From the title you’ll probably guess that I’ve been spending some time this weekend playing the new Titanfall 2 ‘tech-test’, and you’ll probably guess from this article that I’m not that impressed with it. Apparently my opinion isn’t unusual at the moment since fans of the series are being unusually loud and grumpy over on Respawn’ forums but this isn’t an article about the game itself or my opinion of it. Instead it’s an article about the gullibility of gamers and the power of marketing…

Look at ANY current thread listing some issues with the Titanfall 2 demo and you’ll invariably see a slew of replies by people saying that the game is a ‘pre-alpha’ and that there’s plenty of time to make changes… and therein lies my frustration.

To understand my irritation with the idiocy of these comments you need to first understand that in software development terms like ‘alpha’ and ‘beta’ aren’t just thrown around. They mean very specific things in the testing and development cycle and represent specific levels of fixity in the software design.  A ‘pre-alpha’ (also called first-playable) is conceptual design and will not contain all the features of a release version. It’s fundamentally concerned with how core elements relate to each other, and what the final release will have in it (even if those elements aren’t designed yet). Pre-alpha and Alpha software is pretty much never made available outside of an internal testing and development team because there is still so much that can be changed and that’s the rub… pre-alpha usually occurs about 1 to 2 YEARS before release because there is still so much work to do in the game and so much variability.

Taking into account time to produce physical media and ship it, Respawn currently have about 6 weeks from the time of writing this to finish their code. That should tell you one thing – this isn’t a ‘pre-alpha’. If they’re going for their October release date than this is a late Beta piece of software and that means that no changes are being made to the code or assets with the exception of bug fixes if we’re using industry-standard terminology.

So why are Respawn calling this a pre-alpha and why are people buying into that obvious lie? It’s simple – gamers are generally a technically ignorant but endlessly optimistic group, and the game development culture has been taking advantage of those facts for years. By telling their fans that the game they are developing is in pre-alpha, Respawn’s marketing team are tapping into that optimism and ignorance to bolster their pre-orders and day-1 sales. Gamers honestly believe that large changes can and will be made as a result of this ‘pre-alpha’ technical test and will TRUST that their fundamental issues with the game will be resolved before launch… Imagine for a second that Respawn had said instead that the Titanfall 2 tech-test was actually a feature-complete demo and that minor tweaks to networking and balance would be the only changes made before launch – Do you think that would change the number of people pre-ordering? I do. And that’s what it’s all about. The money. Gone are the days when developers have a close and trusting relationship with their fanbase. With software development costs running into the tens and hundreds of millions of dollars the number one priority for a publisher is to milk gamers for as much as possible as fast as possible in order to recoup their investment. If that means lying to gamers, that’s OK. That’s standard fucking practice now. Look at the trainwreck that was the No Mans Sky launch for another example…

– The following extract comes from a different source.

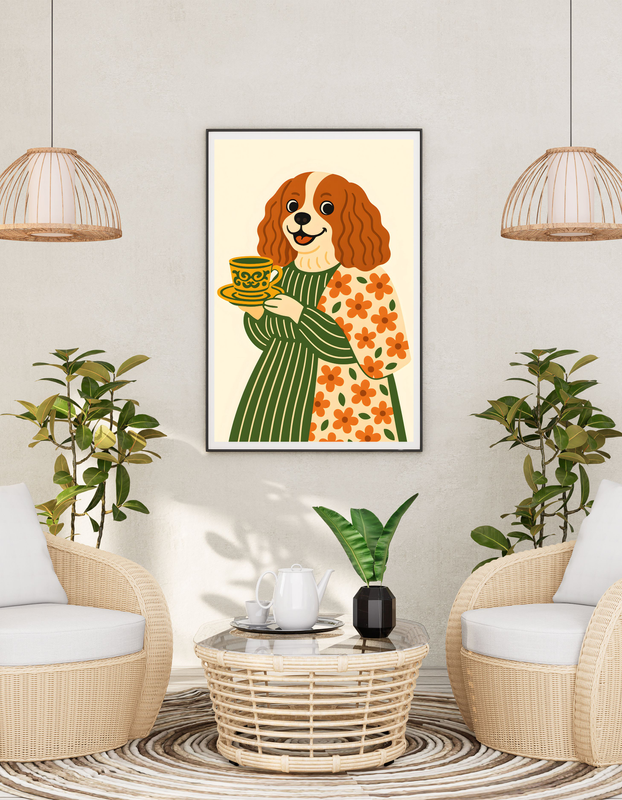 Cavalier Tea Time – Printable Wall Art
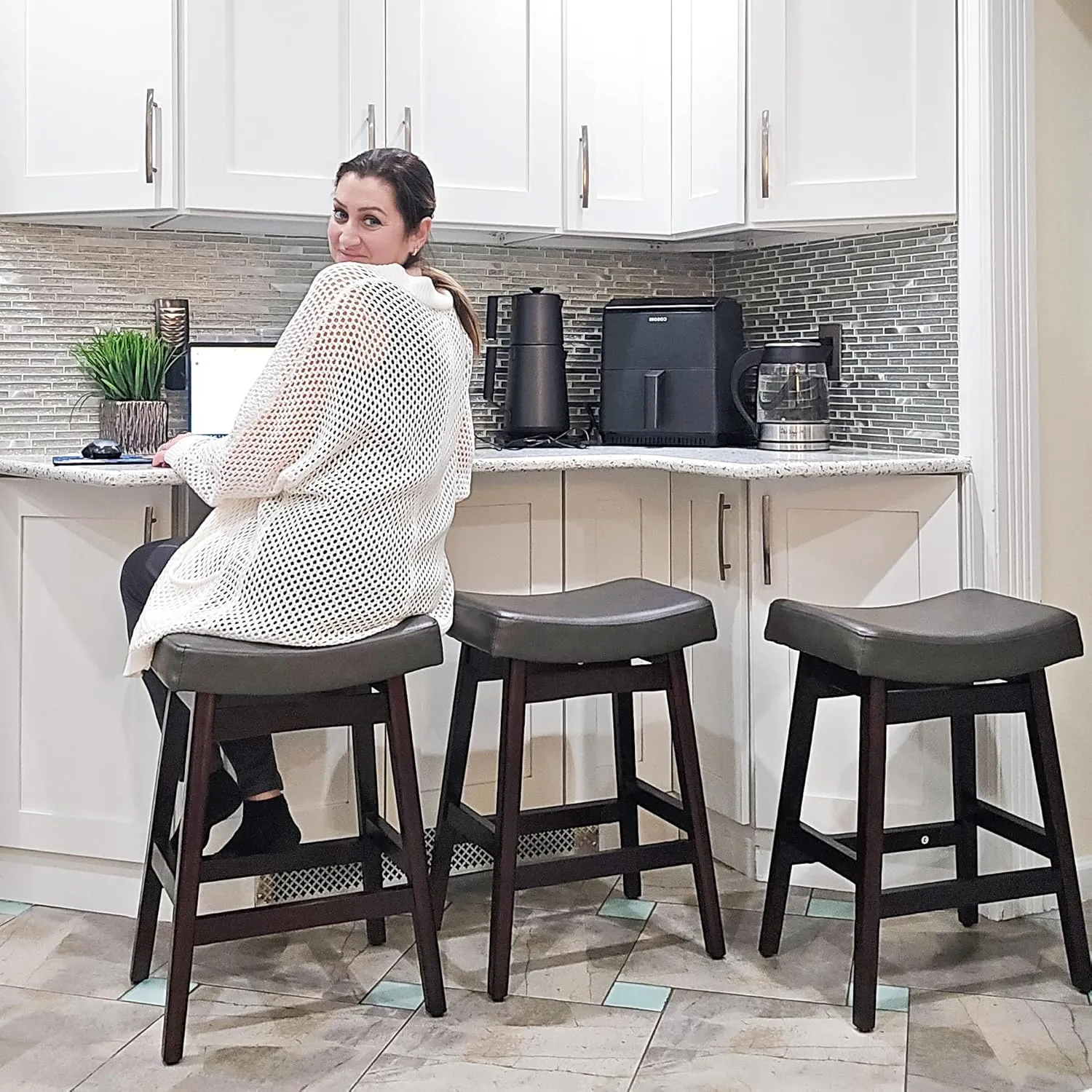 Bar Stools Set of 3, Barstools with Sturdy Wood Legs, Saddle Seat Counter Height Bar Stools for Kitchen Counter, Bar, Dining, 24 Inch Farmhouse Counter Stools, Dark Gray Leather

And we’re still lapping it up.

The bit that frustrates me about all of this is that we as the gamers should be the Client in the relationship. We have the power to say what’s good and isn’t good, and the responsibility to ensure that shitty practices don’t become de-facto in the industry by not rewarding bad behaviors. Instead our own optimism is used against us and we give away that power as ‘exclusive pre-orders’ and ‘pre-downloads’ reward developers for making great marketing rather than great games, and paid-DLC and micro-transactions reward publishers for releasing incomplete games with the promise of ‘more to come’… it’s a fantastic trick – the developers and publishers now have all the power but none of the responsibility while wallowing in their piles of money taken from a naive consumer base.

The solution to this is simple. Don’t believe the hype. Don’t believe the marketing. Always question why you’re being told something… And don’t, for fucks sake, pre-order anything.